Johannes Paul II. nahm in seinem langen Pontifikat von mehr als 26 Jahren nur neunmal Kardinalskreierungen vor, erhob aber insgesamt 231 Mitglieder in Kirchensenat. Benedikt XVI. kreierte in den fast acht Jahren seines Pontifikats in fünf Konsistorien 90 Kardinäle. Papst Franziskus war bisher „am fleißigsten“. Für die Ernennung neuer Kardinäle Ende Juni spricht, daß er der erste Papst seit Einführung der Altersgrenze für Papstwähler ist, der jedes Jahr Kardinalserhebungen vornahm – in den vergangenen beiden Jahren jeweils am 28. Juni. Insgesamt kreierte er bisher 75 neue Kardinäle.
Als Papst ist Franziskus allerdings an keine Beschränkungen gebunden. In der Vergangenheit stellte das argentinische Kirchenoberhaupt ausreichend unter Beweis, sich über bisherige Gepflogenheiten hinwegzusetzen.
José Tolentino als Nachfolger von Kardinal Ravasi?
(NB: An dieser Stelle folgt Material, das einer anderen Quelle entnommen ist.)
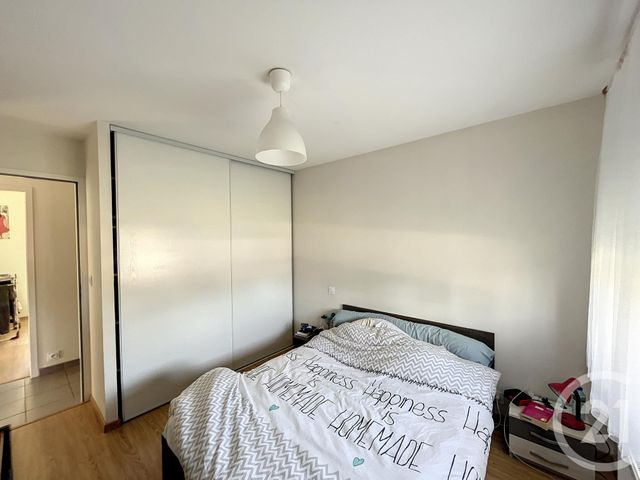 Maison &agrave; louer - 4 pi&egrave;ces - 90,80 m2 - Landogne - 63 - AUVERGNE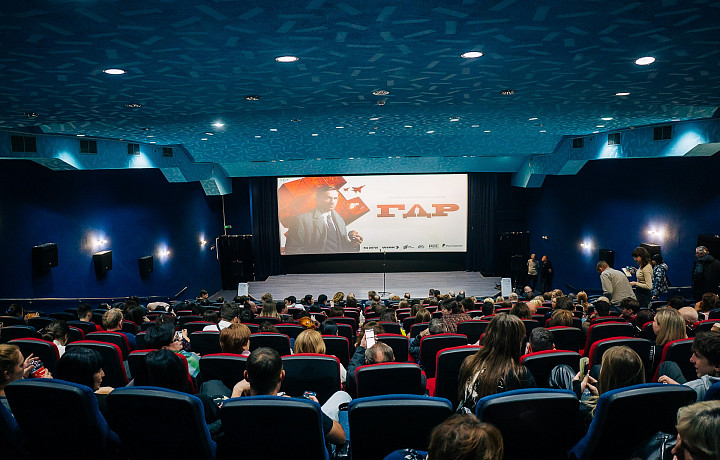 Wink.ru попал в Книгу рекордов России: премьера шпионского детектива «ГДР» состоялась в наибольшем количестве кинотеатров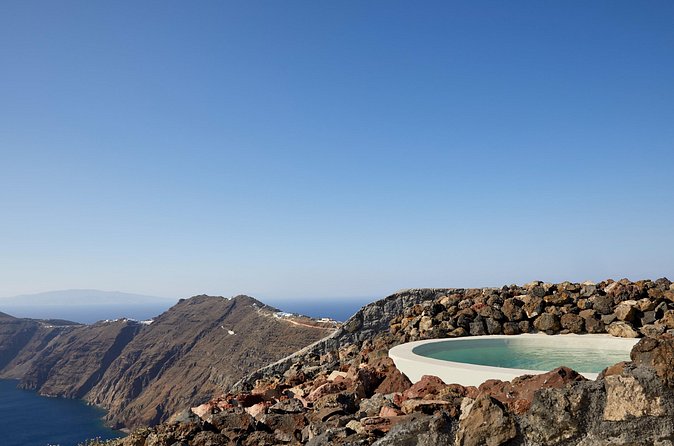 Volcanic Hot-Tub with Caldera View for Ultra-Romantic Couples - Continuing to the infinity pool lounge bar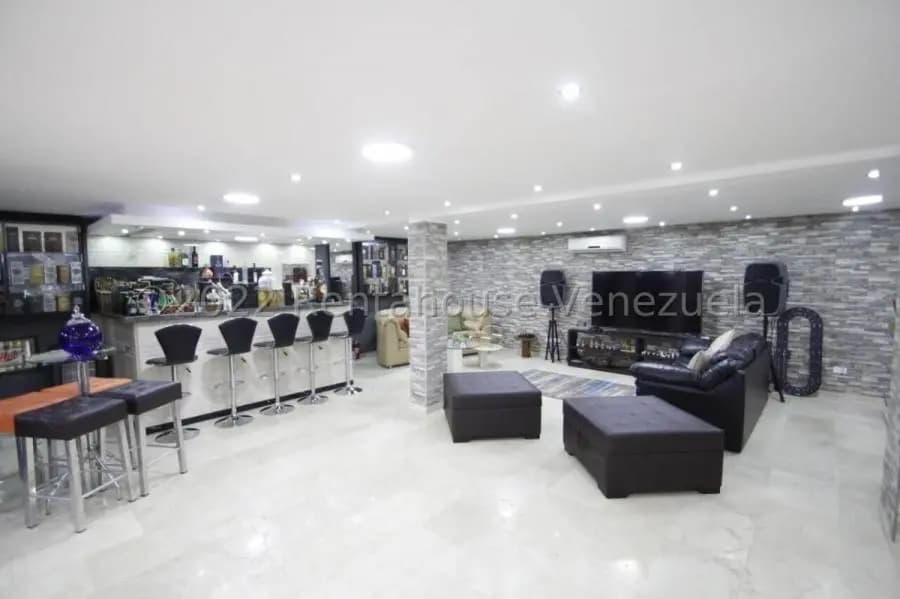 Casa en Venta en Lomas de la Lagunita Caracas - 8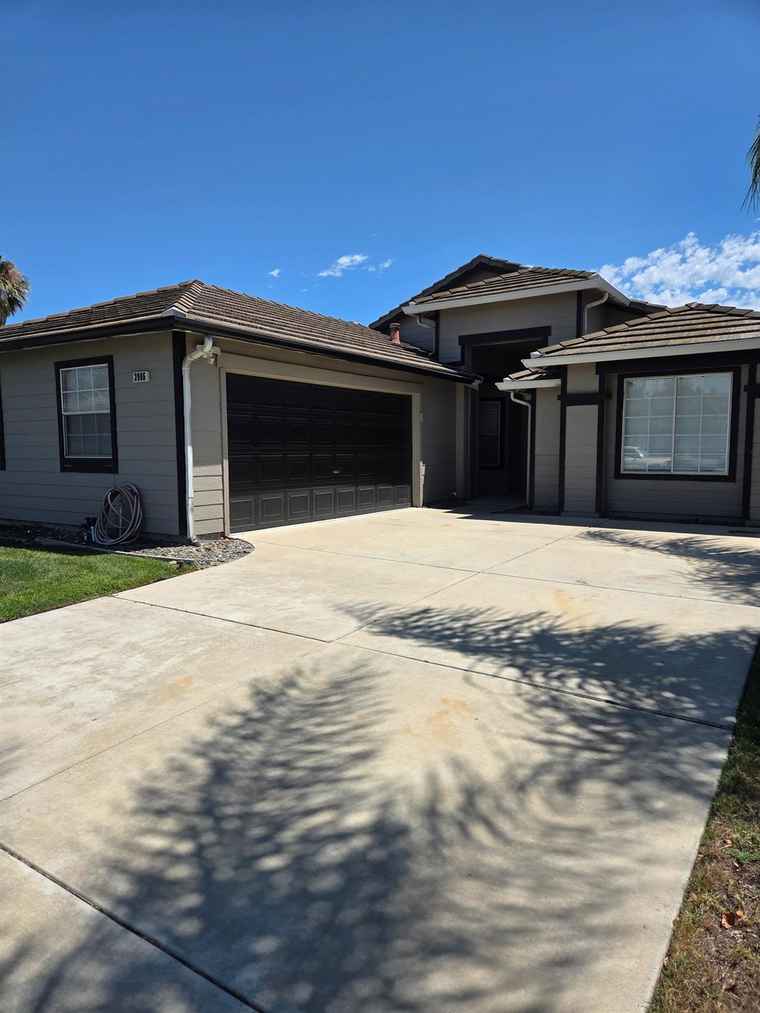 Photo of 3906 Harvest Cir Oakley, CA 94561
Weitere Anwärter auf das Kardinalspurpur an der Römischen Kurie sind neben Erzbischof José Tolentino Calaça de Mendonça, Erzbischof Filippo Iannone OCam, Vorsitzender des Päpstlichen Rates für die Gesetzestexte und Erzbischof Rino Fisichella, Vorsitzender des Päpstlichen Rates zur Förderung der Neuevangelisierung. Der Karmelit Iannone wurde im April 2018 von Papst Franziskus ernannt. Fisichella 2010 von Benedikt XVI.
Mit der Kardinalswürde, so der Correio da Manhã, könnte Tolentino Calaça de Mendonça auch neuer Vorsitzender des Päpstlichen Kulturrates werden. Kardinal Gianfranco Ravasi wird im kommenden Oktober 77. Trotz seiner Bemühungen konnte er nie die Gunst von Franziskus gewinnen. 2019 endet die fünfjährige Amtszeit Ravasis, die ihm Franziskus 2014 gewährte.
Unter den Inhabern von Bischofsstühlen, die traditionell mit dem Kardinalspurpur verbunden sind, warten inzwischen schon mehrere auf die Kardinalserhebung, ohne noch wirklich damit zu rechnen. Franziskus gab gleich mit seiner ersten Kardinalskreierung am 22. Februar 2014 zu verstehen, sich nicht an dieses Gewohnheitsrecht gebunden zu fühlen. Es ist vielmehr auch bei der sechsten Kardinalserhebung seines Pontifikats – wann immer sie stattfinden wird – mit einigen „exotischen“ Überraschungen zu rechnen.